The audits of "Service Acquisition Executives Management Oversight and Procurement Authority for Acquisition Programs [and] Commercial Contracting Practices for Procuring Defense Systems ? have been suspended because of audit support for Base Relocation and Closure and other operational priorities," Joseph Schmitz, the Defense Department inspector general, testified last week before the Senate Armed Services Committee Subcommittee on Airland.
McCain, chairman of the subcommittee, called the hearing to examine the management and oversight of Air Force acquisition programs. He criticized the service for the actions taken since Darleen Druyan, a former Air Force acquisition manager, pleaded guilty last year of conspiring with Boeing Co.'s chief financial officer to help the company win a multibillion-dollar airplane-leasing contract.
"I continue to believe that [Druyan] is not singly responsible for this failure, and fervently hope that both Congress and the department can work together to remove any possibility for future corruption through major acquisition reform," McCain said.
Acting Air Force Secretary Michael Dominguez said the service had completed internal reviews for the Evolved Expendable Launch Vehicle Program Restructure, Global Positioning System Block IIF Single Prime Initiative contract modification and the Wideband Gap Filler source selection.
"After discussions with Office of the Secretary of Defense staff, we are preparing to refer them to the DOD IG to review the programs and the Air Force's findings," Dominguez testified. "We are doing this to ensure absolute objectivity in the final reviews."
Earlier this month, Michael Wynne, undersecretary of Defense for acquisition, technology and logistics, announced that DOD had temporarily taken over 21 Air Force projects worth more than $200 billion, many of which have extensive IT components.

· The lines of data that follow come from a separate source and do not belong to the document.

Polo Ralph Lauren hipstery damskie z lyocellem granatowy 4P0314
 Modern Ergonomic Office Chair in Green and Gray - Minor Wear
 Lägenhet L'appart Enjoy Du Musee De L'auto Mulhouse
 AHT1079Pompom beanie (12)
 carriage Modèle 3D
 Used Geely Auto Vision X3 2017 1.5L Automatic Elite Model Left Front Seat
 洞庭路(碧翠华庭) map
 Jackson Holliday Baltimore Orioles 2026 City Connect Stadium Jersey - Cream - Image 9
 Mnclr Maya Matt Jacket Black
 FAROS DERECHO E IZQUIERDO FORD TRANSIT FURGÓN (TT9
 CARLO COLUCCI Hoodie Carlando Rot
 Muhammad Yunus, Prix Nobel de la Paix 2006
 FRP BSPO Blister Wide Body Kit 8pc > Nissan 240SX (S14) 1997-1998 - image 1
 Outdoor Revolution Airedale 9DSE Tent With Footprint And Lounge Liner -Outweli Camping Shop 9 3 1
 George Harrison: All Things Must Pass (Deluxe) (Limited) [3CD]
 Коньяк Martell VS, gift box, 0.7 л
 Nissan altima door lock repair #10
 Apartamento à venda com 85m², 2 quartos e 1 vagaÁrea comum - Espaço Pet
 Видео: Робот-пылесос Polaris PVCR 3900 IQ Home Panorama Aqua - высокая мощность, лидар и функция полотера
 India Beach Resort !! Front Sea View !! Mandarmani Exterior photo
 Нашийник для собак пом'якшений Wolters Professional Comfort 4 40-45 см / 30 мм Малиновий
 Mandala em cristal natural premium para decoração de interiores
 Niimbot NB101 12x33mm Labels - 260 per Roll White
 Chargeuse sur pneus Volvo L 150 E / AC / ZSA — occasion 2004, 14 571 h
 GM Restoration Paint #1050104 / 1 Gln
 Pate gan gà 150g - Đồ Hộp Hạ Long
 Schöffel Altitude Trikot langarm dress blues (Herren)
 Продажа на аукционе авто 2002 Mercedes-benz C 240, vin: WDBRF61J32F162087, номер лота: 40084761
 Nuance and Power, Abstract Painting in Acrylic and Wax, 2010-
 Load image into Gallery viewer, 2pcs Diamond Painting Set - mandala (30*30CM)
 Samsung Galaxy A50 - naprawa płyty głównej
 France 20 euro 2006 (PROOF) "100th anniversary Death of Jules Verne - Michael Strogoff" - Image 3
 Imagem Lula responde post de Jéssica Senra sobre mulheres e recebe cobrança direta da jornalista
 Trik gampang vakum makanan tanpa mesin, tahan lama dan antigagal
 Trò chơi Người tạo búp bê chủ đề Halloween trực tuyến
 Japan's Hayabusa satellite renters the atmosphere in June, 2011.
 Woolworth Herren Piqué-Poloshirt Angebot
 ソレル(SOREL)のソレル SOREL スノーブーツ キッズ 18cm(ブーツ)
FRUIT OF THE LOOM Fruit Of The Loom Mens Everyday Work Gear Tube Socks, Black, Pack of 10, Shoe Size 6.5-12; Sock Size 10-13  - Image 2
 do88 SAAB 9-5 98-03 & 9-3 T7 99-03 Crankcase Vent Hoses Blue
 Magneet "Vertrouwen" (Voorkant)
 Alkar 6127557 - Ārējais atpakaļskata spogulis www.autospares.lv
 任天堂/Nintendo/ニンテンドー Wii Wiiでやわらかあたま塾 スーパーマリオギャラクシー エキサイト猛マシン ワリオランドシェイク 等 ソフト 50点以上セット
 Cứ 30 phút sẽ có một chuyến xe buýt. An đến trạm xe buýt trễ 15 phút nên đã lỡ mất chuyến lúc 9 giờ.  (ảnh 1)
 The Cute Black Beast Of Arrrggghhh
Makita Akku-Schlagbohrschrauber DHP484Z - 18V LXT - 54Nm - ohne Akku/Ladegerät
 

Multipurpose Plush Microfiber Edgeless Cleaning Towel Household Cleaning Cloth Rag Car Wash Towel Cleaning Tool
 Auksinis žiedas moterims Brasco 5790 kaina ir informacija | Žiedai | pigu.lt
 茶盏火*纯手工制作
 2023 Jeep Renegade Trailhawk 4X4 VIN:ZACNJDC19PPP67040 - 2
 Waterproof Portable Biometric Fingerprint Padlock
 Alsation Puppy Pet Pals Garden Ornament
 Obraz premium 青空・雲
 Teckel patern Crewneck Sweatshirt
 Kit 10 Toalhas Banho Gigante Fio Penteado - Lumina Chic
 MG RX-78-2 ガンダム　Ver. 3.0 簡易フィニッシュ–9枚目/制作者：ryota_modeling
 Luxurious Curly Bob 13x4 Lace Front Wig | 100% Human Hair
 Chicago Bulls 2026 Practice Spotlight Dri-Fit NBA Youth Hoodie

The projects included the Evolved Expendable Launch Vehicle Program Restructure and the Wideband Gap Filler source selection that Dominguez cited.
McCain said the Air Force is not alone in its troubles, and that the entire DOD procurement process must be examined.
Earlier this month, the Army announced it would restructure its $120 billion Future Combat Systems program after McCain questioned whether having Boeing manage the program under other transaction authority instead of a normal procurement contract was the best course of action.